What is Teachable Machine?

Teachable Machine is a web-based tool that makes creating machine learning models fast, easy, and accessible to everyone. You train a computer to recognize your images, sounds and poses without writing any machine learning code. Then, use your model in your own projects, sites, apps, and more. Anyone can use this like Educators, artists, students, innovators, makers of all kinds — really, anyone who has an idea they want to explore.

How do I use it?

1) Gather Data:

You can currently train Teachable Machine with images (pulled from your webcam or image files), sounds (in one-second snippets from your mic), and poses (where the computer guesses the position of your arms, legs, etc from an image). More types of training may be coming soon :)

2) Train Model:

Train your model by just clicking a single button no need for any smoothing or pre-processing required, Teachable Machine will train a model based on the examples you provided. All the training happens in your browser, so everything stays on your computer. then instantly test it out to see whether it can correctly classify new examples like poses, voice, or images as per prior input which used for training.

3) Export Model:

There are a few ways to save your work. You can:

  1. Save your entire project to Google Drive. You can save your project to your Google Drive. This saves a .zip file that contains all the samples in each of your classes to Drive. You can then open that .zip again from Teachable Machine later to pick up where you left off.
  2. Download your samples. You can download all the samples in each class, and upload them later if you want to keep working with the same data.
  3. Download your model. If you download your model and close your tab, you can use that downloaded model later — and nothing is saved on any servers.
  4. Save nothing. If you close your tab and do none of the above, nothing is saved in your browser or on any servers.
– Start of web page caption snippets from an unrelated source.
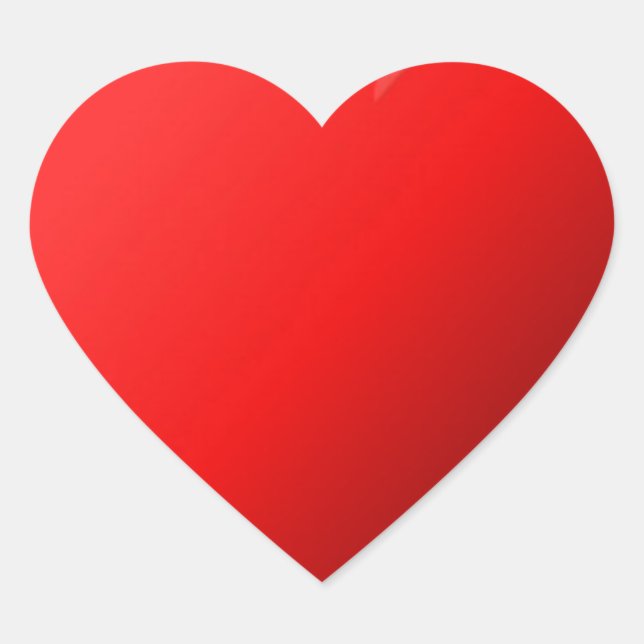 Red Heart Sticker (Front)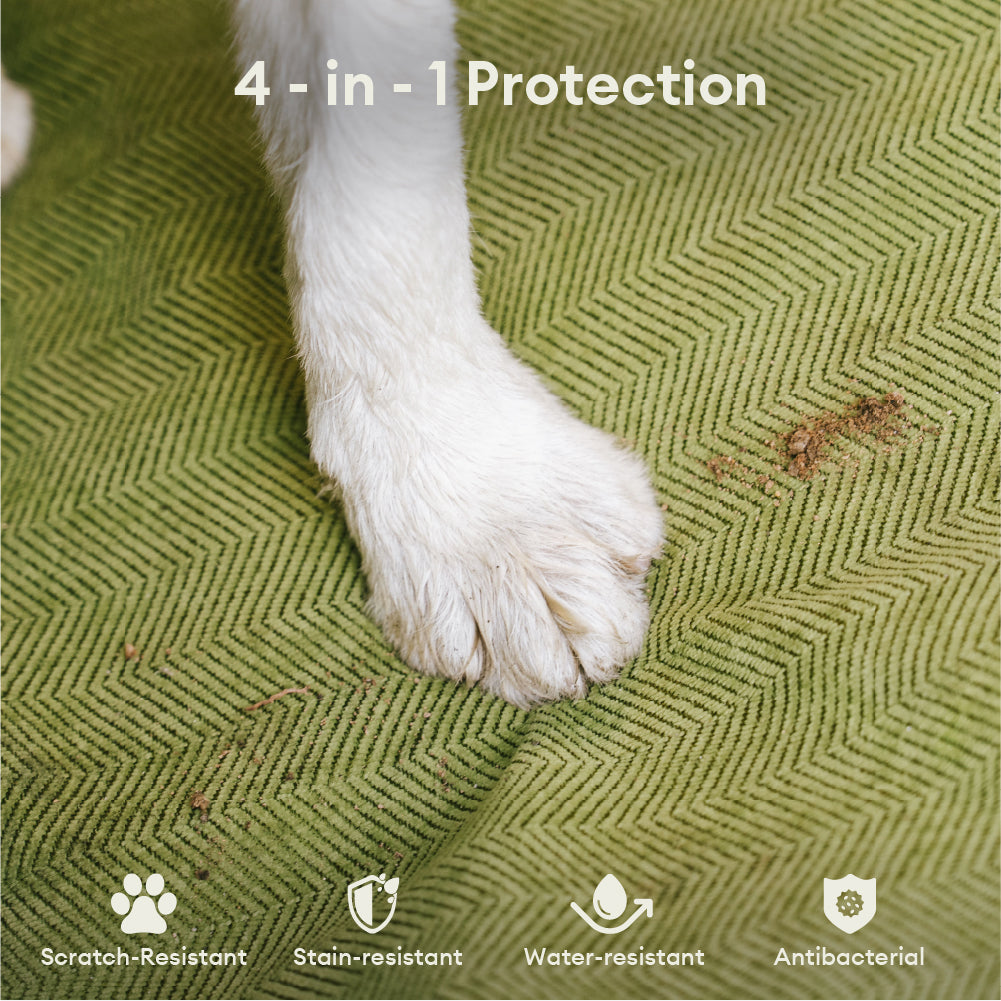 Waterproof All-season Stain-Resistant Dog Car Seat Cover - Retro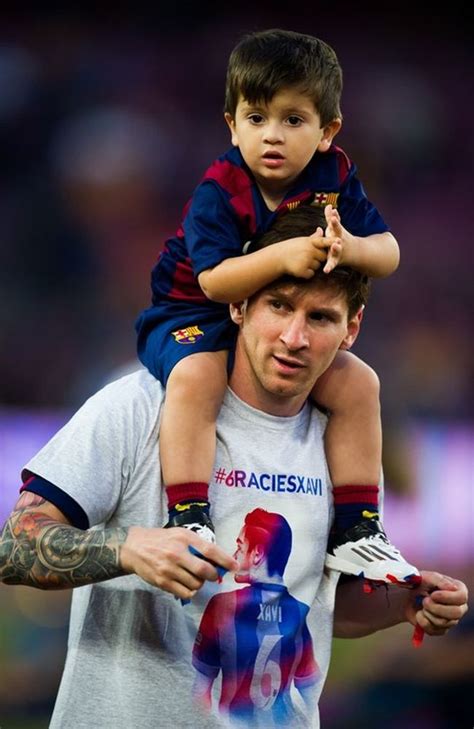 The 10 Best Photos Of Lionel Messi With His Sons Celevs Messi Son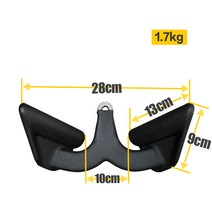 엘디에스 랫풀다운 그립 등운동 턱걸이 매드 맥스 헬스 케이블 바, C 클로즈 그립 수퍼네이트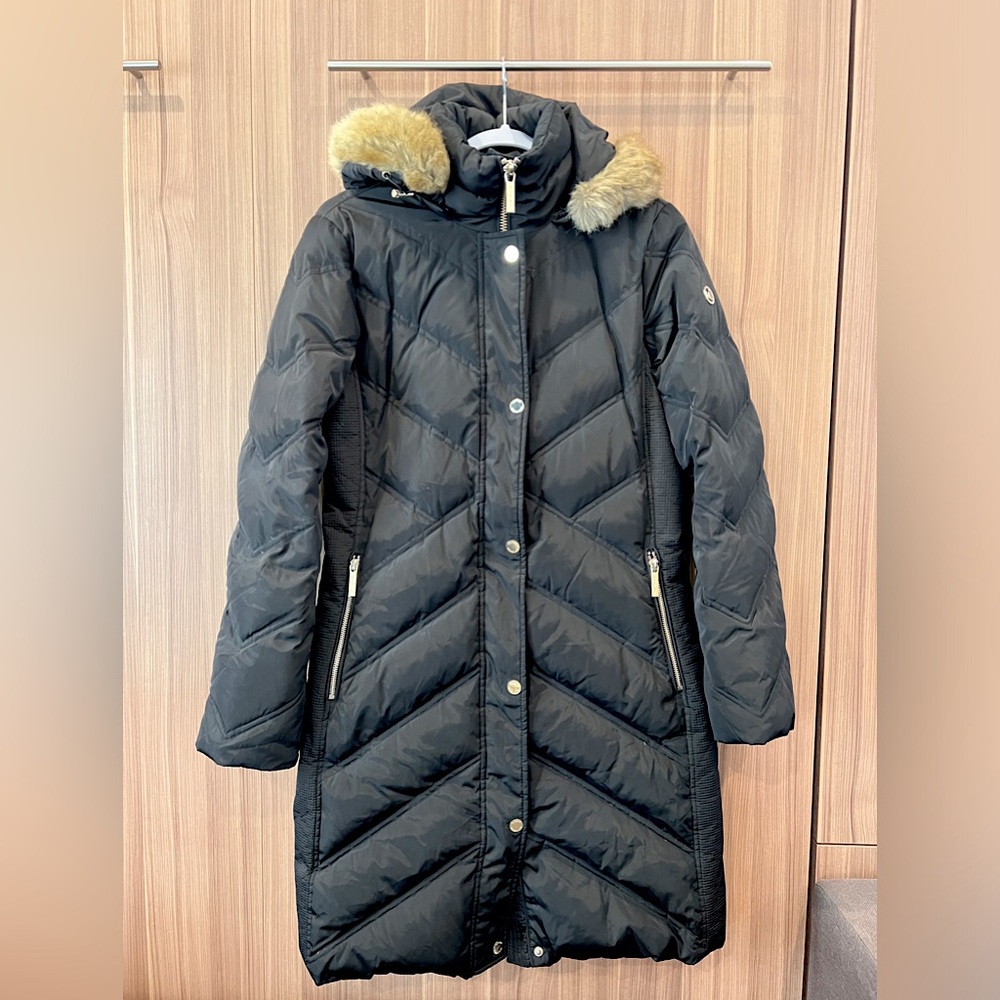 Women’s Michael Kors Black Winter Coat, Size Small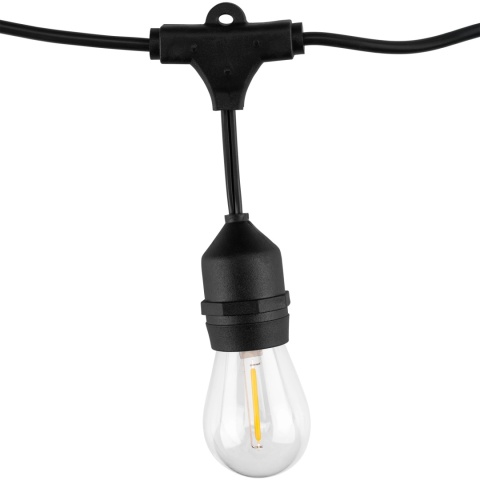 Girlanda Solarna Ogrodowa 10,4m 15x LED Żarówki Pilot Ciepła Sollis2 IP65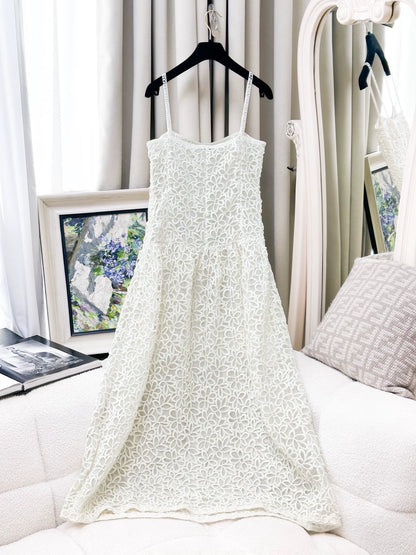 Chanel 21S off-white dress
How does it work on the back?

Teachable Machine uses TensorFlow.js, a library for machine learning in Javascript, to train and run the models you make in your web browser.

These models use a technique called transfer learning. There’s a pre-trained neural network, and when you create your own classes, you can sort of picture that your classes are becoming the last layer or step of the neural net. Specifically, both the image and pose models are learning off of pre-trained mobile net models, and the sound model is built on Speech Command Recognizer.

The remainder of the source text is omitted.